Ambassador Kelly Craft
U.S. Mission to the United Nations
New York, New York
April 22, 2020
More than six years on from the beginning of the Peace, Security, and Cooperation Framework, the United States remains optimistic that the countries of the Great Lakes region can engage constructively on issues related to insecurity. These include tackling illicit flows of goods that contribute to corruption, and addressing the threat posed by armed groups. I want to note that our confidence has been rewarded by positive regional momentum over the past year.
As the international community responds to the COVID-19 pandemic, we recall the extraordinary measures taken in the last year-and-a-half by Congolese and international actors to contain the Ebola outbreak in eastern DRC. We were saddened to learn of the resurgence of Ebola cases just days before being able to declare an end to the outbreak, but we believe that there will be progress again – in the very near future.
Today, the United States again reiterates the need for transparency and the timely sharing of public health data with neighbors, and with the international community, in order to tackle public health challenges.
Special Envoy Xia, this is a difficult moment and your role is more critical than ever.
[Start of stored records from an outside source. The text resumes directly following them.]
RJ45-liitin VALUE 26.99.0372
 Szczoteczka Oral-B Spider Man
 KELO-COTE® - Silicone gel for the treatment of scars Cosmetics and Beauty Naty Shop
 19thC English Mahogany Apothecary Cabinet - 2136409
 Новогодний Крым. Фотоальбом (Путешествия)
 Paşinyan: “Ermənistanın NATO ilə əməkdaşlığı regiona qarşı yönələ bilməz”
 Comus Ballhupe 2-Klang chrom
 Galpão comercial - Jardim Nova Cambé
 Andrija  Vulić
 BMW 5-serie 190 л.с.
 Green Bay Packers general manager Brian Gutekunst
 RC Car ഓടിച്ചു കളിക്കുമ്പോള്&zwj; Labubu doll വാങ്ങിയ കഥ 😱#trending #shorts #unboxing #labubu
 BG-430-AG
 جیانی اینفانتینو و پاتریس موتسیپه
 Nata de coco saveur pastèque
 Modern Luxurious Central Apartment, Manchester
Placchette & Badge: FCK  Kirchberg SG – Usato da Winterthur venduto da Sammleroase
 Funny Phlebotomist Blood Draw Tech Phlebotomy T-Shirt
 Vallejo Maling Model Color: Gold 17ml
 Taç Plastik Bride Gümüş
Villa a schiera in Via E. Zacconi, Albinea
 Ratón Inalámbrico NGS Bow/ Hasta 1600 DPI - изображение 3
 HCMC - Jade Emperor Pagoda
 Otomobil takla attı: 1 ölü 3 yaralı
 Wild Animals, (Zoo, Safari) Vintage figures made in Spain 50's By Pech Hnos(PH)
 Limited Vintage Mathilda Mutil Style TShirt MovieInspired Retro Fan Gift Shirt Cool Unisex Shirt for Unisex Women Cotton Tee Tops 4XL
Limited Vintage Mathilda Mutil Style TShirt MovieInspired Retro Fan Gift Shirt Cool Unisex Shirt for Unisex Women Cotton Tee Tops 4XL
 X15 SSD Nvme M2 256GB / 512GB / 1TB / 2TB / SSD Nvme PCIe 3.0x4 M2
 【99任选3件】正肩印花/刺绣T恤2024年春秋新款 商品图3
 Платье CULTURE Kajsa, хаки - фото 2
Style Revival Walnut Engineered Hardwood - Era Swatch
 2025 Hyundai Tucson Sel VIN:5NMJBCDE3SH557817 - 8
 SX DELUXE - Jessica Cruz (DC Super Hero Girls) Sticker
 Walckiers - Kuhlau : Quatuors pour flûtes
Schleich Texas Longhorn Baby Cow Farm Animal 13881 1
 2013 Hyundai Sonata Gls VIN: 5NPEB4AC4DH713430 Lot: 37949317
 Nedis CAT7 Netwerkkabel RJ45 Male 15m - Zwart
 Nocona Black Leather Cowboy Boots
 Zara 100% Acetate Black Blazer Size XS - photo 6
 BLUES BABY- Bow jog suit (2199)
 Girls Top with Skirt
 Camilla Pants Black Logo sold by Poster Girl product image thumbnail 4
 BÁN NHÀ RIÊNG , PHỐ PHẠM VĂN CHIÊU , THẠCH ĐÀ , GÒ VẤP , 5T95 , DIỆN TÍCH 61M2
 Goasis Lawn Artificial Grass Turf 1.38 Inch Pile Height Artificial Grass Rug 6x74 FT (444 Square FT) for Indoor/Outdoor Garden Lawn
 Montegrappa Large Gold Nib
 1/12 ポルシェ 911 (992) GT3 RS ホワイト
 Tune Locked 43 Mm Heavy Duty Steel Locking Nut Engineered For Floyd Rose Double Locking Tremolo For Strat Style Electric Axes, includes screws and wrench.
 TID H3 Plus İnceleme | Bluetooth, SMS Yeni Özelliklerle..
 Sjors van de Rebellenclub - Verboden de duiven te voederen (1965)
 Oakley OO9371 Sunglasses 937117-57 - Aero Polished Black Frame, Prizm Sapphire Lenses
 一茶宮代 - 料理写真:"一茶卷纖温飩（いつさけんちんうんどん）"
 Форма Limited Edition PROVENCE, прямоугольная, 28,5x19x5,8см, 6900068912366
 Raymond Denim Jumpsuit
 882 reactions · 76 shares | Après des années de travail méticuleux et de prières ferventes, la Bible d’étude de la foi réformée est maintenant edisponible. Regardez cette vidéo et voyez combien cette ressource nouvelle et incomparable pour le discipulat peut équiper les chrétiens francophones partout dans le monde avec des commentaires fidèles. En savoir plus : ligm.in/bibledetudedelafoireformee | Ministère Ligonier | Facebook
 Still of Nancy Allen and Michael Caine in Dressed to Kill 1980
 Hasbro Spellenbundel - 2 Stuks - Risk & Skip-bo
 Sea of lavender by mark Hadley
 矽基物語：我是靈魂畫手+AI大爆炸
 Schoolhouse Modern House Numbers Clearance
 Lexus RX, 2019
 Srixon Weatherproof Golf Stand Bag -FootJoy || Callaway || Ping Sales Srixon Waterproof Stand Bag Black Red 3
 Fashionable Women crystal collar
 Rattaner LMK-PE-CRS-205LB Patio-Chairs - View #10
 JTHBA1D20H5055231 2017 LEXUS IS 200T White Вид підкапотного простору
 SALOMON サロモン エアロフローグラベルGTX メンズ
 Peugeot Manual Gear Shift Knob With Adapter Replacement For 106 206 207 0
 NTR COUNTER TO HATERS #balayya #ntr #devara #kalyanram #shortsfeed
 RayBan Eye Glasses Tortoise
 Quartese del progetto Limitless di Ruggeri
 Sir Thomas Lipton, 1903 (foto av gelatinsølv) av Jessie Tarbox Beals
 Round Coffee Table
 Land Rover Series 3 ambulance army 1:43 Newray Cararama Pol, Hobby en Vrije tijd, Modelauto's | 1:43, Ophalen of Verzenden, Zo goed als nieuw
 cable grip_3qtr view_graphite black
We urge your office to innovate, including by using videoconferencing technology to support Great Lakes governments. They will need this support especially as they balance their focus on both the COVID-19 response and the political, security, and economic needs that remain essential to regional peace and security. Current, positive momentum for peace and economic integration will surely be slowed by this pandemic – but it must not be reversed. Special Envoy Xia, to prevent any such reversal and improve progress, we would encourage more regular reporting, in standard UN products, on your office’s efforts.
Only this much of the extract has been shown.